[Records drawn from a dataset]
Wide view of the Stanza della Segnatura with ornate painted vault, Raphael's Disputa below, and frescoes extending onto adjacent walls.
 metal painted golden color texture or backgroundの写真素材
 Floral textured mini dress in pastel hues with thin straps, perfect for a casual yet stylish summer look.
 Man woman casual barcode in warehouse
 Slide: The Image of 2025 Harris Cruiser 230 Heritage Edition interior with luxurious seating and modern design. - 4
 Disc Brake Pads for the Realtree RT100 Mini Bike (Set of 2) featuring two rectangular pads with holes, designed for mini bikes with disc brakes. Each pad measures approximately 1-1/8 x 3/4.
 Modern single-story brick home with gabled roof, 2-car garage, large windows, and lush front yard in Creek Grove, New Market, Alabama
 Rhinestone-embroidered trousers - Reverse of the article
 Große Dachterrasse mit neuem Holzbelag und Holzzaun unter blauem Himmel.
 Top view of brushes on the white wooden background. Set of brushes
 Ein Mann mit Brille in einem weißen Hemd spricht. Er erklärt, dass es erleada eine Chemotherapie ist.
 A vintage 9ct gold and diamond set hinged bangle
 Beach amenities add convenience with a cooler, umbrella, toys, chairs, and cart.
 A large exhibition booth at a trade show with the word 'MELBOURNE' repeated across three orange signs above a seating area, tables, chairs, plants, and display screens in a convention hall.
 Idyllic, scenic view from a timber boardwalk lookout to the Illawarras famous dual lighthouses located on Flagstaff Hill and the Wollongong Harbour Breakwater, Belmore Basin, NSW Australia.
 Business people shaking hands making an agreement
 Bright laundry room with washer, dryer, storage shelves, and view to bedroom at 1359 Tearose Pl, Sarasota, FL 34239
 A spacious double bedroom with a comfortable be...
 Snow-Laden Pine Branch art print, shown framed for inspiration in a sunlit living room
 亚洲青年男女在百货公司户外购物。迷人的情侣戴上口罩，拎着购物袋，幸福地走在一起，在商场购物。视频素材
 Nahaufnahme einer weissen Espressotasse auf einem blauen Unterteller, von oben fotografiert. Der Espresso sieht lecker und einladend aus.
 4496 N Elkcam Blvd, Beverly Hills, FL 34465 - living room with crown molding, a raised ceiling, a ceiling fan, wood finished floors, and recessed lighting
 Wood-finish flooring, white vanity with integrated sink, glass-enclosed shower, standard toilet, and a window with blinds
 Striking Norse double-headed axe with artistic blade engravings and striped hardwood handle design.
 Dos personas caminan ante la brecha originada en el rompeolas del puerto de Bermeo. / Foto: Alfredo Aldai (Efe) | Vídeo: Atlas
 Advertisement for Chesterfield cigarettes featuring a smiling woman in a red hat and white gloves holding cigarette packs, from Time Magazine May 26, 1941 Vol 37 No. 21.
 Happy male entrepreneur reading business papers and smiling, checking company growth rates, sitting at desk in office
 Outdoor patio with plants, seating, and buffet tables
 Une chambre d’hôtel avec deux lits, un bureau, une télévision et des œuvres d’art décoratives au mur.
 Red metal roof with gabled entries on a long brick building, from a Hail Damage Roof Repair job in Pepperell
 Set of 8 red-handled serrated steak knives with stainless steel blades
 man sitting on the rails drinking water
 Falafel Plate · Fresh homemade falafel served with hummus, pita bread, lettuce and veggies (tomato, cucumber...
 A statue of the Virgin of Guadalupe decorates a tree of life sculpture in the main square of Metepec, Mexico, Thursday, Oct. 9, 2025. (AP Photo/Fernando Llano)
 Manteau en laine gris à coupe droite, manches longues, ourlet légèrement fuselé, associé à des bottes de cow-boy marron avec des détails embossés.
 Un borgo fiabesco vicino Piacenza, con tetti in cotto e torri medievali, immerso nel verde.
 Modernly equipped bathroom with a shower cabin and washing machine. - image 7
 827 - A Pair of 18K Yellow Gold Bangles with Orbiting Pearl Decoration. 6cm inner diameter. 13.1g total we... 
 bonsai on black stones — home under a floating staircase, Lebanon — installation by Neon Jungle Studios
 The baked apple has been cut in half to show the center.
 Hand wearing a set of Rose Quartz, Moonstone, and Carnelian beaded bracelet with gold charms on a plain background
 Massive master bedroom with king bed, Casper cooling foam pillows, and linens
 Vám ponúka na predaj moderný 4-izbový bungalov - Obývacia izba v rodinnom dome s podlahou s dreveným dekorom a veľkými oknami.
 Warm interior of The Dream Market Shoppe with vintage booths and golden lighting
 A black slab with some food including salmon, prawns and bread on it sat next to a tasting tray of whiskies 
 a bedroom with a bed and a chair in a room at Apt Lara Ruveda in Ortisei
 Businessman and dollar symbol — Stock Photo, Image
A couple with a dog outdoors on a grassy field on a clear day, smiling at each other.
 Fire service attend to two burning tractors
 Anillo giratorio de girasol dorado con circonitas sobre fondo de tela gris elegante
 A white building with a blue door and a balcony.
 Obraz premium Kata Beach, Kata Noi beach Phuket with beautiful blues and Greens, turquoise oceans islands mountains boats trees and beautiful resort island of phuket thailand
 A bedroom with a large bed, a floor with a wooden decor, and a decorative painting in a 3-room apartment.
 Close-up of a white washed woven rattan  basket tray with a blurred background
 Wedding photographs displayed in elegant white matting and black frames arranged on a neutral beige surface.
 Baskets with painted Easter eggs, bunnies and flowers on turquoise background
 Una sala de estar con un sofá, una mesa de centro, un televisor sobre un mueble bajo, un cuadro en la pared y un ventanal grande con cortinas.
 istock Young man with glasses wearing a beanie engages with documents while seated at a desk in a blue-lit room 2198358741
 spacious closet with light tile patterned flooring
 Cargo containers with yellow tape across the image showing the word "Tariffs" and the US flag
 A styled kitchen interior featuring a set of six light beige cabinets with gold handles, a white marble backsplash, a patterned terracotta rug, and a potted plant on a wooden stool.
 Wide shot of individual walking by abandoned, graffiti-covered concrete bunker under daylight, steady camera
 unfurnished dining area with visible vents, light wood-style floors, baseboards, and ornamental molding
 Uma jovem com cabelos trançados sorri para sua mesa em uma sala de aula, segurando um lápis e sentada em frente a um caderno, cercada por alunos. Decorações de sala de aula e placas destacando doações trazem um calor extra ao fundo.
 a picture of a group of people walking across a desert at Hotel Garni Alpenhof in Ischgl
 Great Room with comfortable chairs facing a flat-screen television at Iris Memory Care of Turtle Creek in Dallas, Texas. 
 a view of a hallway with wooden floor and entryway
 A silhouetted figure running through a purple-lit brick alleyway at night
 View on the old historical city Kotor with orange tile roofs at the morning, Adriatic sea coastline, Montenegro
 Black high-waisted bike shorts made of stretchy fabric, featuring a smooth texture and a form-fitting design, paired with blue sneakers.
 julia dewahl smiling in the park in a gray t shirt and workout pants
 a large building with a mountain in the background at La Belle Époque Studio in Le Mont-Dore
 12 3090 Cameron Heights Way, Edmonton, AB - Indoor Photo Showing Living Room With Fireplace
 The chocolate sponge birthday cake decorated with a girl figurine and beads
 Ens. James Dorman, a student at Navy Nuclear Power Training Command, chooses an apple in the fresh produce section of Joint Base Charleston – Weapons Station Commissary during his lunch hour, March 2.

_Exercise brief_
Looking at the entries above, say how many lines contain the word "tile". Only the number is wanted.

_Result of this exercise_
2